OF THE GEOMETRIC LINES WHICH FOLLOW NEXT, and the uses thereof. And first how by means of these we can increase or decrease in any ratio all areas of figures.

Operation VIII.

he lines that next follow the Arithmetic (explained above) are called the Geometric Lines from their being divided in geometrical progression out to 50. From these we gather various uses; and first, they serve us for finding the side of a plane figure that has a given ratio to another [similar] that is given. For example, given the triangle ABC, we wish to find the side of another triangle that has the [area I ratio to it of 3:2. Select two numbers in the given ratio; let these be for instance 12 and 8. Taking line BC with a compass and opening the Instrument, fit this to points 8-8 of the Geometric Lines; then, without changing the opening, take the distance between points 12-12. If we now make a line of that length the side of a triangle, corresponding to line BC, the surface will doubtless be three-halves that of triangle ABC.

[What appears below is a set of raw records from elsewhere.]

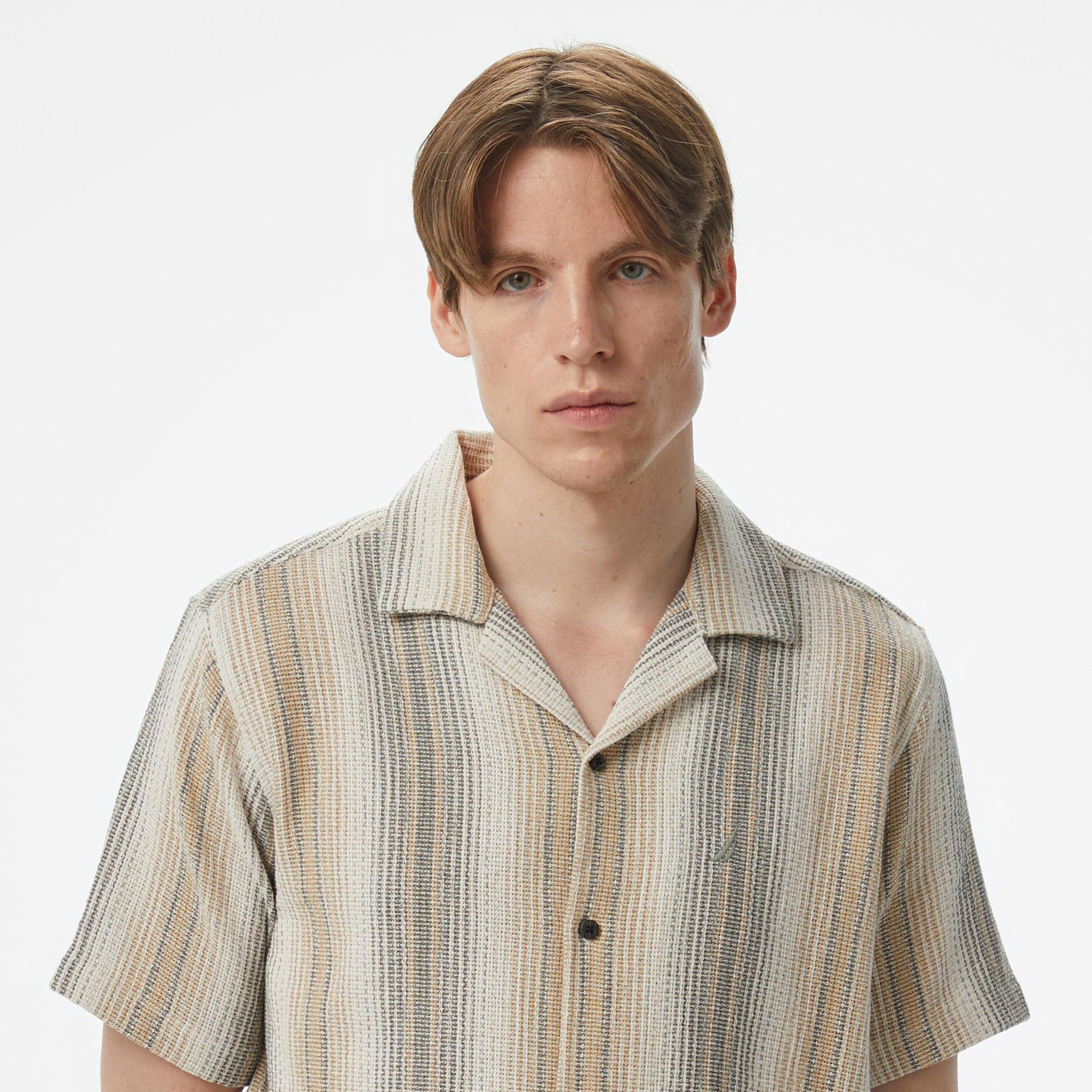 Nautica Erkek Bej Classic Fit Çizgili Gömlek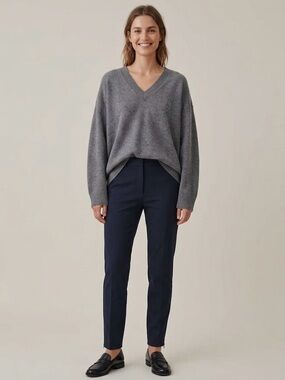 COS Womens‎ Slim Fit Straight Leg Trouser Pants, Dark Navy Blue, EU 50/US XL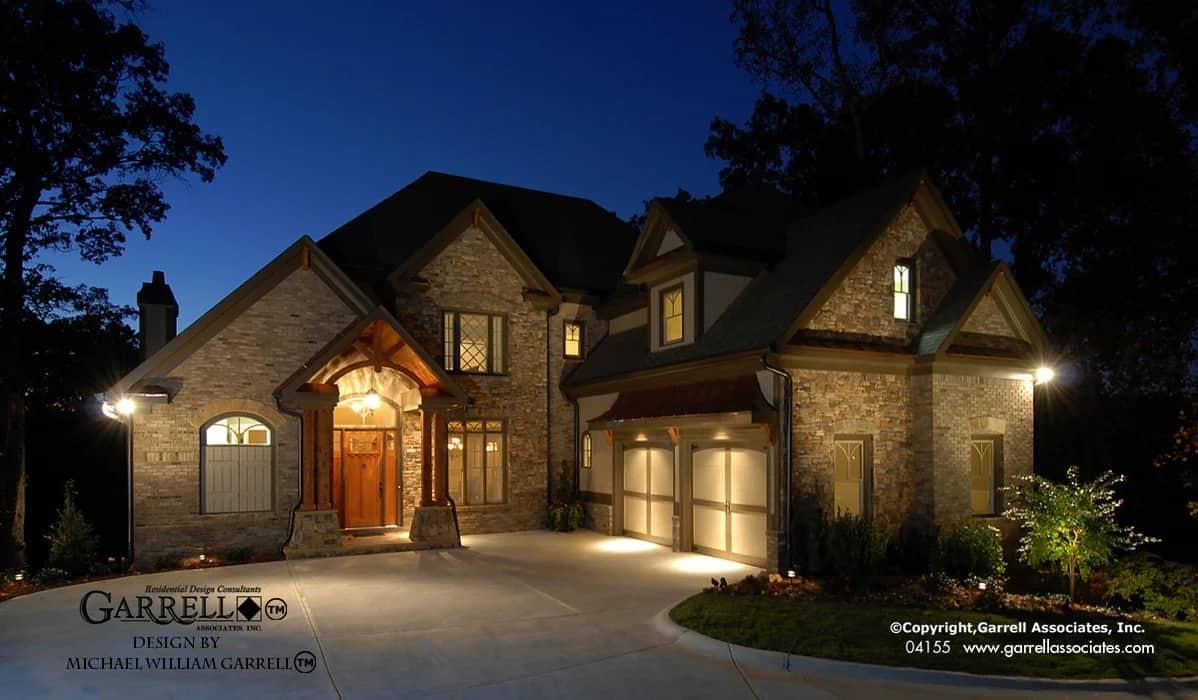 Elegant Stone Facade with Warm Lighting Highlights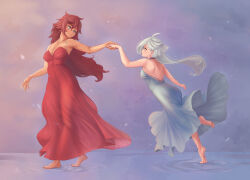 2girls bare_arms barefoot blue_eyes breasts closed_mouth commentary_request dress earrings gundam gundam_suisei_no_majo highres holding_hands jewelry long_hair medium_breasts miorine_rembran multiple_girls necklace red_dress red_hair ripples slothdev_(yat1215) smile standing standing_on_liquid strapless strapless_dress suletta_mercury water white_hair yuri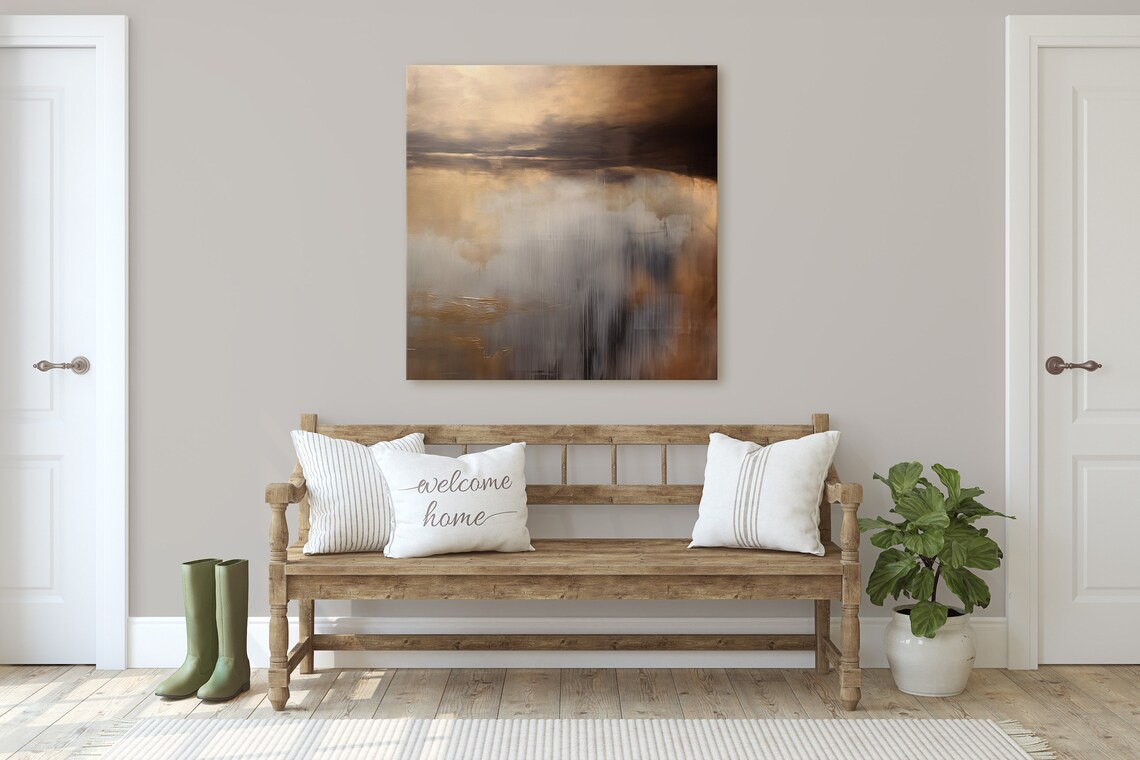 Gold Abstract Landscape, Moody Ethereal Painting - Image 2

     The same is to be understood of any other kind of figure, and likewise we can do the same with circles, making use of their diameters or radii as of the sides of rectilineal figures. And let people with little schooling note that the present operation shows the increase or diminution of all plane surfaces; as for example having a map that contains, say, 10 campi of land, we want to draw one that contains 34. Take any line of the ten-campi map and apply this crosswise to Points 10-10 of the Geometric Lines; then, without again moving the Instrument, take the crosswise distance between points 34-34 of the same Lines; upon such a length describe your map similarly to the first, according to the rule taught above in Operation 3, and you will have the desired map containing exactly 34 campi.

HOW WITH THE SAME LINES WE CAN FIND THE ratio of two similar plane figures.

Operation IX.

et there be given, for example, two squares, A and B, or indeed any two other figures of which those two lines A and B designate homologous sides. We want to find what ratio there is between the areas. Take line B with a compass and, opening the Instrument, fit this to any pair of points of the Geometric Lines, say to points 20-20. Then, not altering the Instrument, take line A with the compass and see what number this fits when applied to the Geometric lines; finding it to fit, say, at number 10, you may say that the ratio of the two areas is that which 20 has to 10; that is, double. And if the length of this line does not fit exactly at any of the graduations, we must repeat the operation and, trying other points than 20-20, get both lines exactly fitted at some [marked] points, when consequently we shall know the ratio of the two given figures, that being always the same as that of the two numbers of the two points at which the said lines fit for the same opening of the Instrument. And given the area of one of two maps you will find the area of the other in this same way, as for example: The map with line B being 30 campi, how large is map A? Fit line B crosswise to points 30-30 and then see to what number line A fits crosswise; that many campi you shall say are contained in the map with line A.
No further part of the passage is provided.